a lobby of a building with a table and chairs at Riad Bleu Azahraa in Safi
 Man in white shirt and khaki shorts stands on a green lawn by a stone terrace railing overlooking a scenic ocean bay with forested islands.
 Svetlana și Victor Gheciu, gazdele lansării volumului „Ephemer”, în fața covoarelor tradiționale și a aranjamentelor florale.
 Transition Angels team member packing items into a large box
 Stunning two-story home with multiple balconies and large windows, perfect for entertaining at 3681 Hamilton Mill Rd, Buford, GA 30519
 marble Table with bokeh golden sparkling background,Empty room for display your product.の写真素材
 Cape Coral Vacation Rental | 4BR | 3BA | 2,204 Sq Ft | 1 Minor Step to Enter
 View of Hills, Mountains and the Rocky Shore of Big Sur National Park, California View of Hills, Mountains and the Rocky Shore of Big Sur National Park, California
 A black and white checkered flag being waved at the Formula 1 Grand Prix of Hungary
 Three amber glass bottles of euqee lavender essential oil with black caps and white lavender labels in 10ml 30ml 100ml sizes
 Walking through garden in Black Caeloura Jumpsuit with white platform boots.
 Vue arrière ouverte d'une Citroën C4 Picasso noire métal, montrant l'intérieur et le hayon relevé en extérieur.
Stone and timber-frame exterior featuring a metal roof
====================
Everything from the line containing "Vue arrière ouverte" to the end of the data above should be quoted exactly, please, both ends included, and nothing outside that span.

 Vue arrière ouverte d'une Citroën C4 Picasso noire métal, montrant l'intérieur et le hayon relevé en extérieur.
Stone and timber-frame exterior featuring a metal roof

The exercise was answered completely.